## WORK TO BE COMPLETED
A picture should never appear in your copy. Transcribe the listing exactly from its first line through the line with "living simply. #newdaynw", both ends included.

## DATA
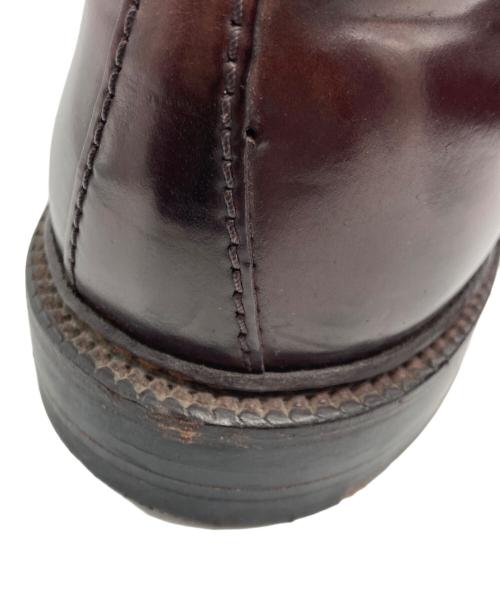 Alden（オールデン）Alden (オールデン) Chukka Boot バーガンディー サイズ:８Dの古着・服飾アイテム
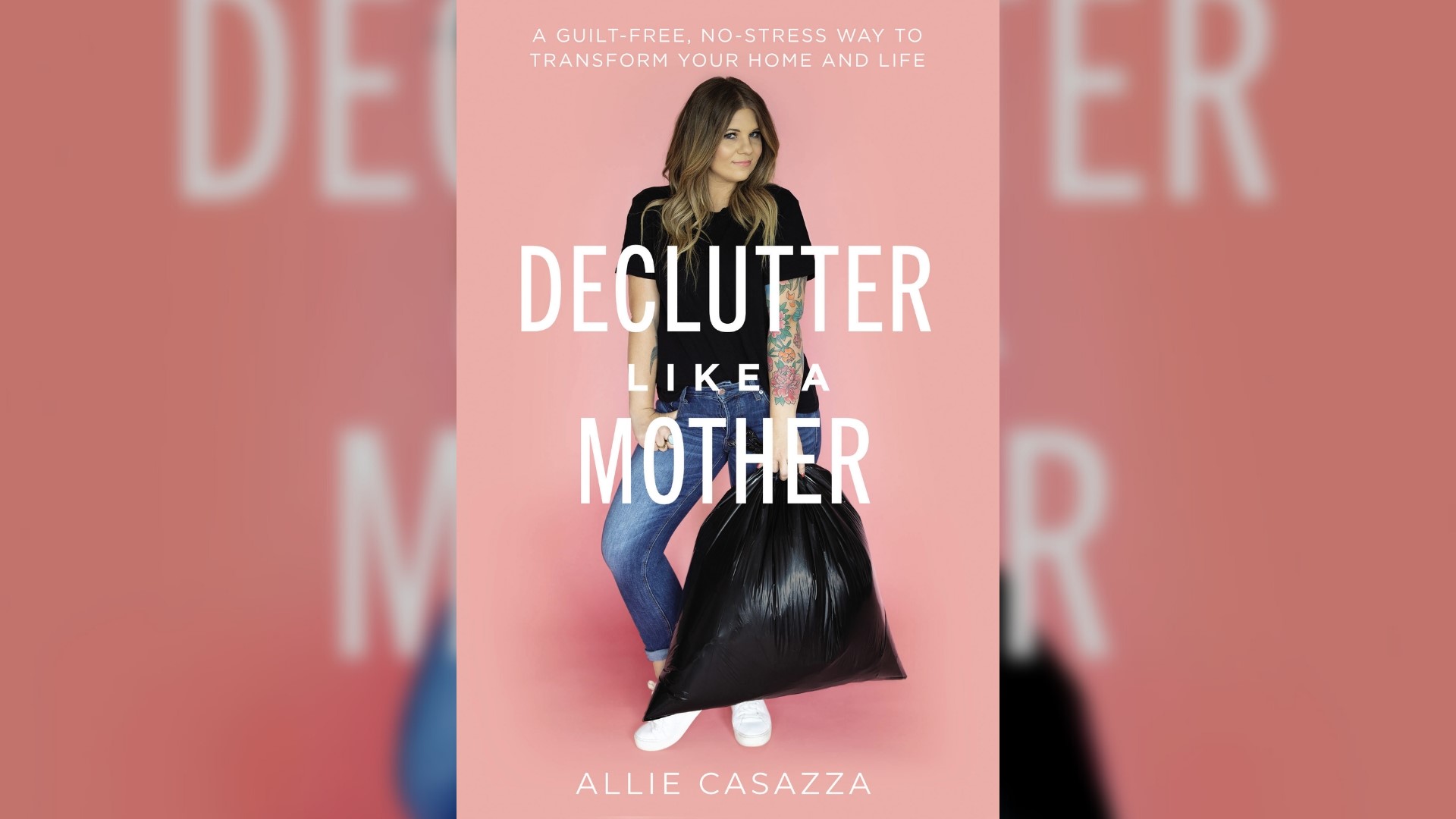 "Declutter Like A Mother" author Allie Casazza joined New Day NW to share how she went from being overwhelmed by motherhood to living simply. #newdaynw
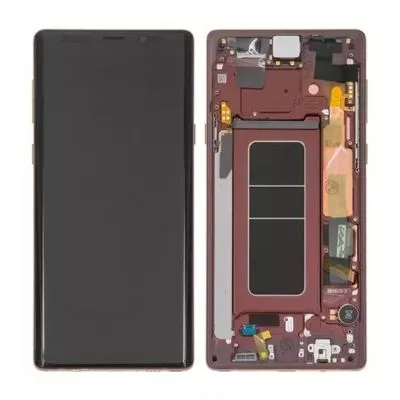 Samsung Galaxy Note 9 (SM-N960F) Skärm med LCD Display Original - Koppar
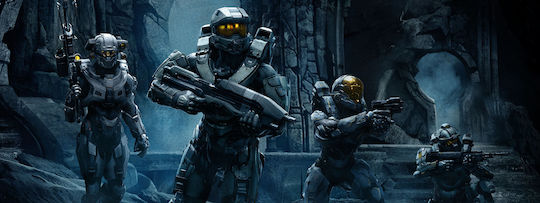 Halo 5 Guardians Xbox One Game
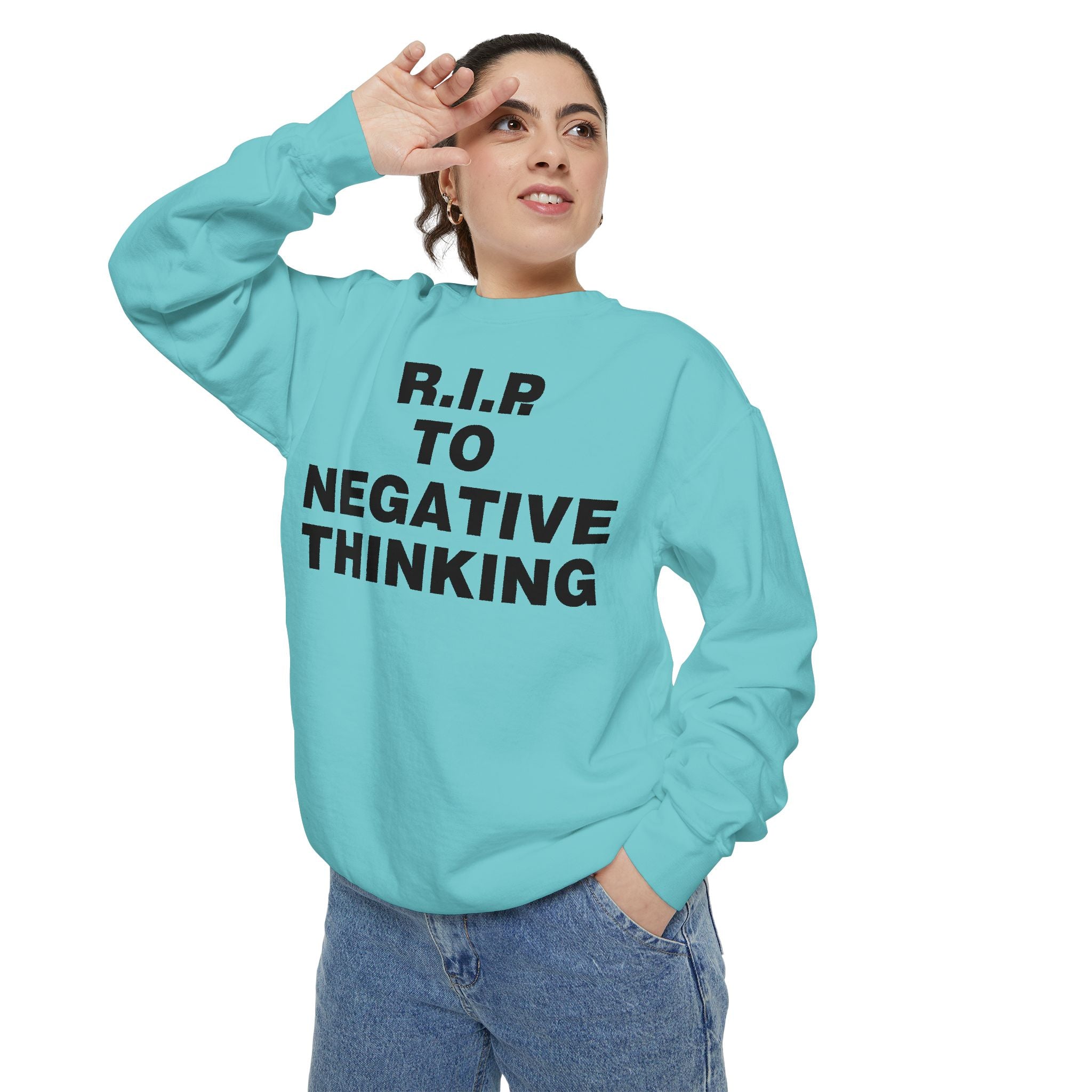 Unisex Garment-Dyed Sweatshirt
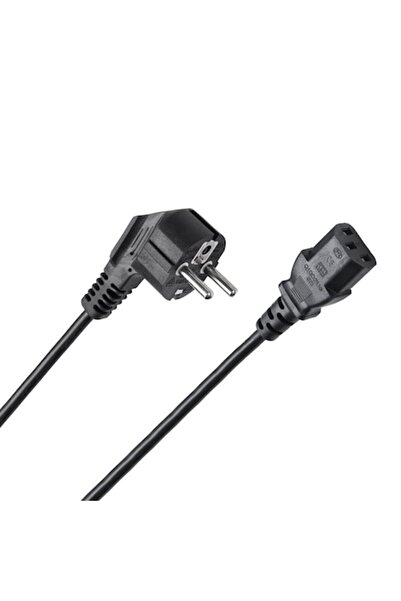 WDR Καλώδιο τροφοδοσίας υπολογιστή, τυπικό, 1,5 μέτρα, μαύρο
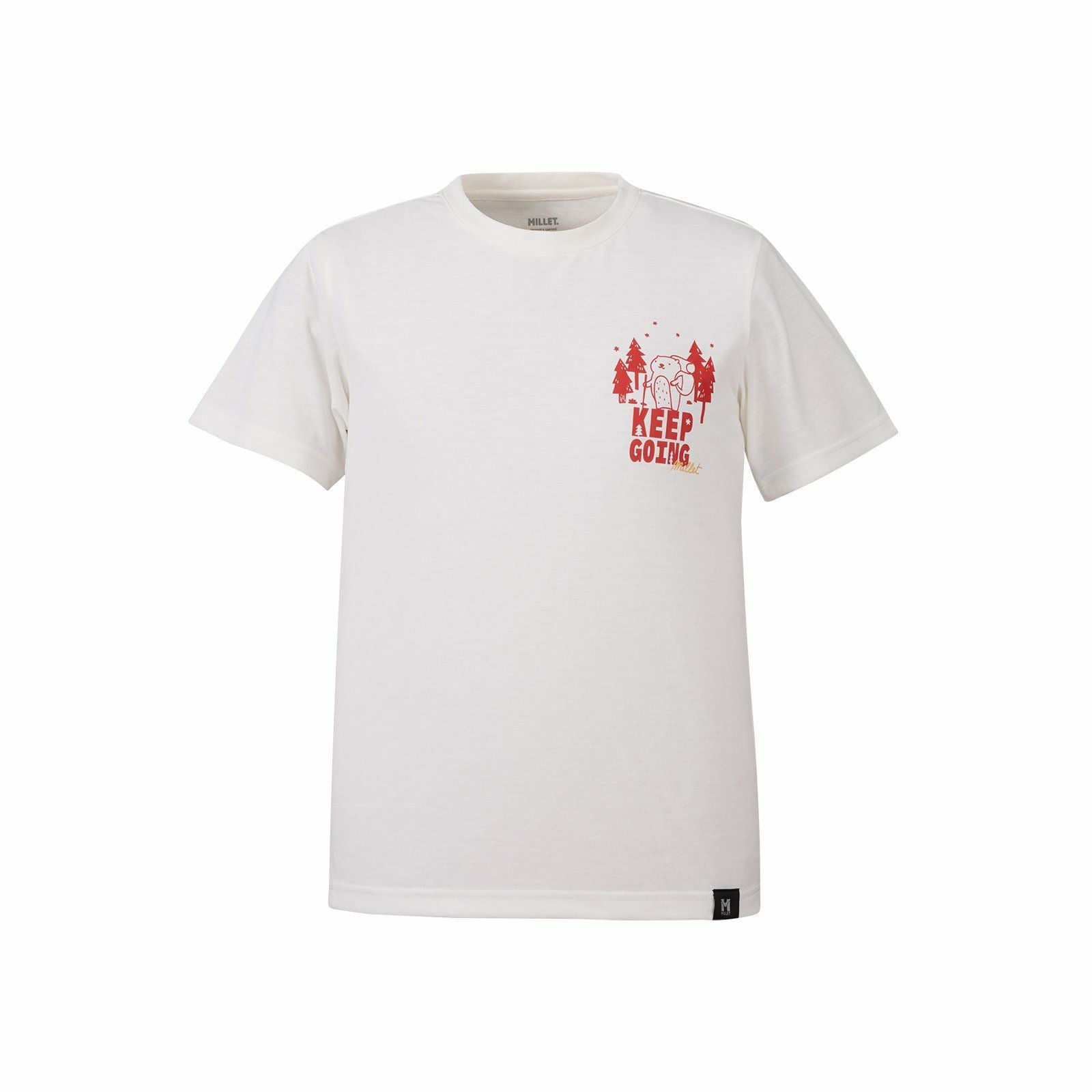 キープゴーイング ショートスリーブTシャツ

## SOLUTION FOR THIS EXERCISE
 Alden（オールデン）Alden (オールデン) Chukka Boot バーガンディー サイズ:８Dの古着・服飾アイテム
 "Declutter Like A Mother" author Allie Casazza joined New Day NW to share how she went from being overwhelmed by motherhood to living simply. #newdaynw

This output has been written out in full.